The scientists’ recommendations align with many facets of the Green New Deal Rep. Alexandria Ocasio-Cortex (D-NY) and Sen. Ed Markey (D-MA) recently proposed. The legislation calls for a massive policy shift that bolsters the U.S. economy and cuts greenhouse gas emissions to zero. Like the solutions Majkut outlined for the House Science Committee, the Green New Deal lists expanding and upgrading renewable energy sources, removing greenhouse gases from the atmosphere and increasing carbon storage as ways to achieve its goal.

Rep. Ralph Norman (R-SC) and others raised concerns about the cost of such an initiative, asking “If the Green New Deal were implemented immediately, wouldn’t it devastate our economy?” But, says Majkut, reducing CO2 associated with economic activity is “one of the cheapest elements” of the bill.

Adaptive Measures

The scientists testifying before the House also recommended prioritizing research into the ways society might adapt to climate change and called on federal support for studies of how climate change will affect communities, a research topic Kristie Ebi, an epidemiologist at the University of Washington in Seattle, is already looking into.

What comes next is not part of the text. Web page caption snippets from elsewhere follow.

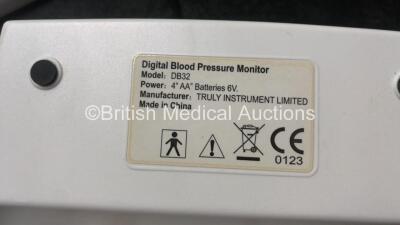 Mixed Lot Including 1 x InterMed Penlon VS-800 Patient Monitor with 1 x NIBP Hose and 1 x SpO2 Lead with Finger Sensor (Powers Up) 1 x GE Dinamap PRO 300V2 Patient Monitor (Powers Up) 1 x Welch Allyn 5200 Series Patient Monitor (No Power) 2 x DB32 Digital - 6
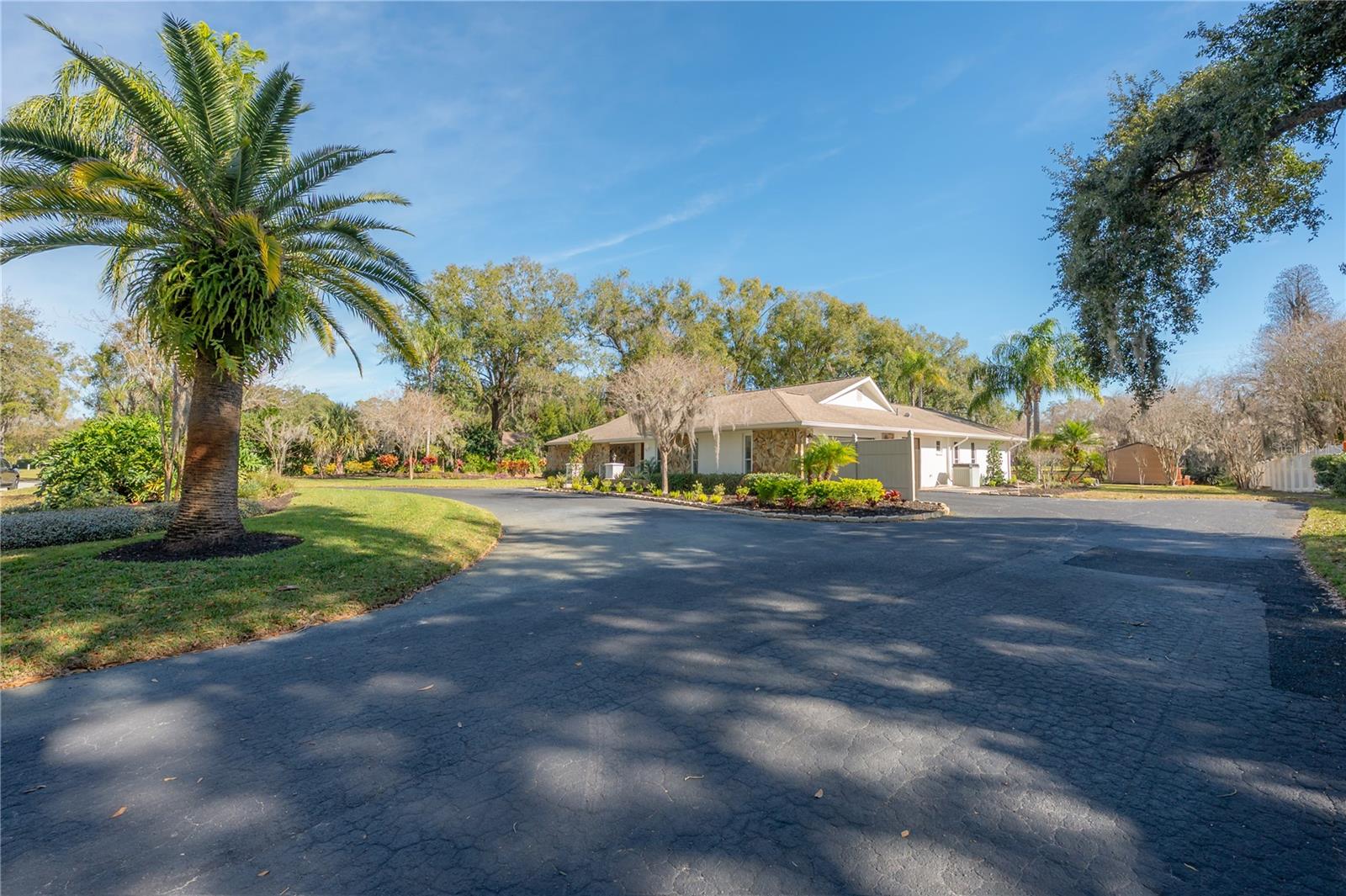 Image 27 of 33 For 18503 Turtle Drive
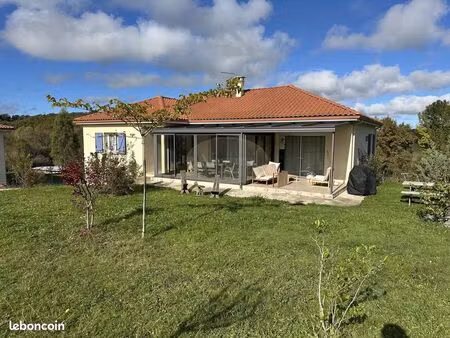 maison 6 pièces 145 m²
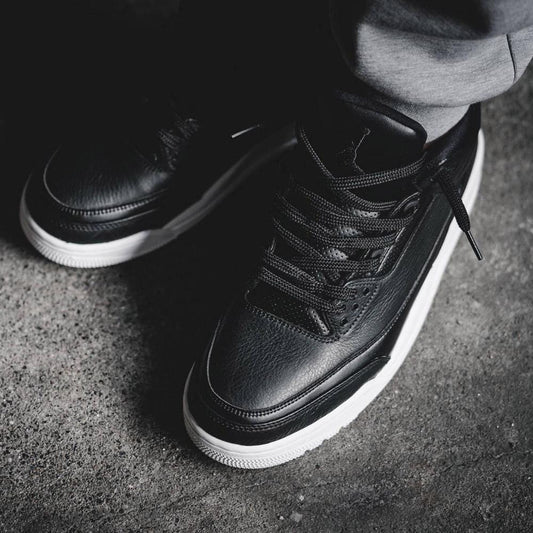 Air Jordan 3 Retro Cyber Monday — UK 3 | EU 35.5 | US 3.5 — Side View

Ebi, another scientist to testify at the hearing, investigates how climate change affects human health. Researchers have discovered Americans are already suffering and dying from climate change and the impacts will likely only get worse.

“Risk from vector-borne diseases such as malaria, Dengue fever and Lyme disease are projected to increase with warming from 1.5 to 2 C (2.7 to 3.6 F) including potential shifts in their geographic range to areas previously unexposed to these diseases,” Ebi said. “Further, our healthcare infrastructure is vulnerable to extreme events with, for example, many hospitals and healthcare clinics located in coastal regions subject to flooding.”

Yet, there are achievable ways to alleviate the projected risks and costs associated with climate change’s impacts on communities, Ebi said, such as “developing early notification response plans for extreme heat … and incorporating climate projections into emergency preparedness and disaster risk management initiatives.”

“These steps can protect health now and provide a basis for effective adaptation to our future climate,” she added.

And if the world does not slow the rise of greenhouse gas emissions, Americans’ health and the U.S. economy will suffer because of impacts associated with mortality and the ability of people to work outdoors, scientists say. More extreme weather events will also affect human health and the economy.

“We know that in 2018, the losses due to extreme weather were roughly $160 billion just to the U.S.,” said Jennifer Francis, an atmospheric scientists at the Woods Hole Research Center in Falmouth, Massachusetts, during her testimony. “But what keeps me up at night is thinking about my own daughter and the world she will face if we do nothing.”